Many individuals and businesses prefer to resolve their disputes in arbitration rather than litigation. There are many compelling reasons for this preference. Arbitration is typically faster and cheaper than litigation, and arbitration proceedings are often private. Perhaps most importantly, arbitration typically provides greater finality than litigation. Arbitration awards are notoriously difficult to overturn, and the winning party therefore usually does not have to worry about her victory being tied up in years of appeals.

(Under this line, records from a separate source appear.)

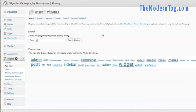Hey there, Jamie here from The Modern Tog. Today I'm going to show you how to install the Gravity Forms plugin for WordPress.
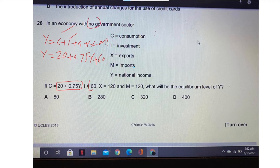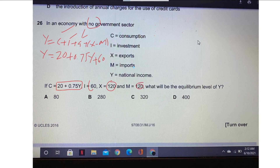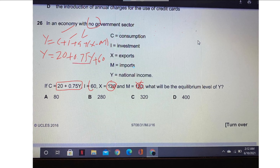Since there is no government, the value of G (government expenditure) will be 0, so we don't need to include it. Also, since exports equal 120 and imports equal 120, X minus M cancels out. We can now further simplify this equation by moving 0.75Y to the other side.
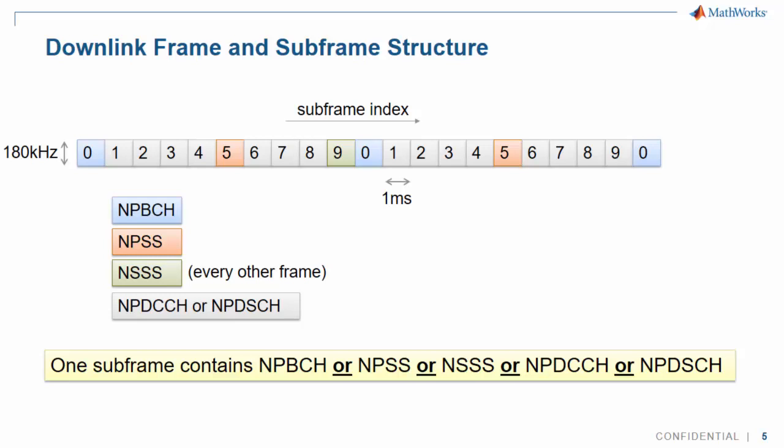The broadcast channel is sent every subframe 0, the primary synchronization sequence every subframe 5, and the secondary synchronization sequence every other subframe 9. All other subframes may be available for control and data.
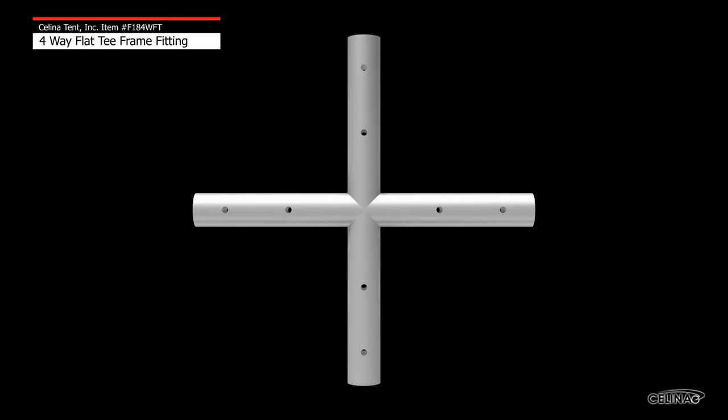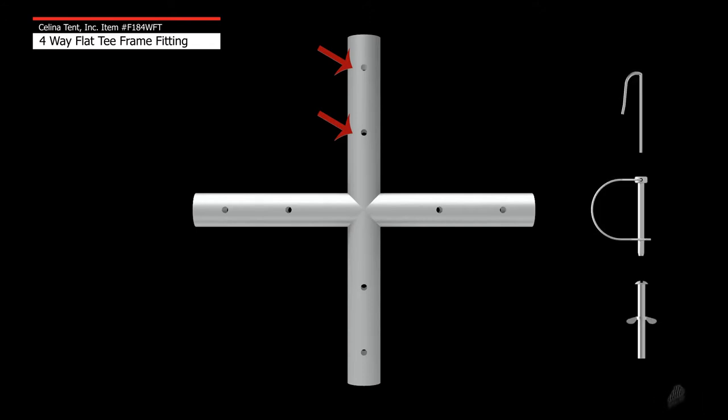There are four protrusions per fitting. Each protrusion has two holes to receive fasteners such as R-pins, pin and bales, or bolts. The fasteners secure the fitting to the frame tubing.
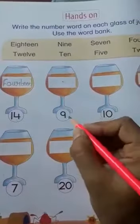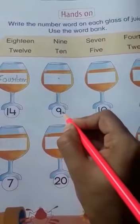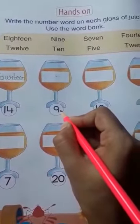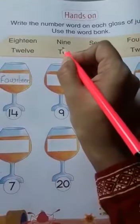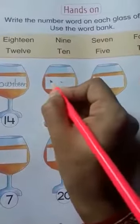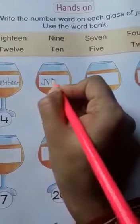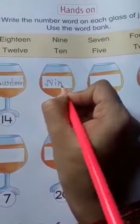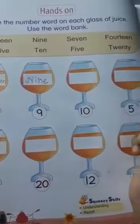Now which number is this? It is 9. And where is number word 9 in the word bank? Here it is. Write over here: N-I-N-E. 9 is nine.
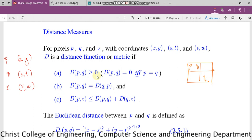The second property is: distance between P and Q equals distance between Q and P. So the distance from P to Q and the distance from Q to P is the same.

This last virtue is also one of arbitration’s greatest vices. Because awards are so hard to overturn, the losing party often has little recourse if the arbitrator’s decision is irrational, nonsensical or just plain wrong. Under the Federal Arbitration Act (FAA or act)—which governs most arbitrations in interstate commerce—vacating an award is “a high hurdle,” and it is “not enough to show that the arbitrator committed an error—or even a serious error,” as in Stolt-Nielsen S.A. v. AnimalFeeds International Corp., 559 U.S. 662, 671 (2010). Rather, the losing party must show the applicability of one of the specific, narrow bases for vacatur set forth in Section 10 of the act, 9 U.S.C. Section 10(a)—corruption, evident partiality of the arbitrators, refusal to hear material evidence, and so forth, as in Hall St. Association v. Mattel, 552 U.S. 576, 579 (2008).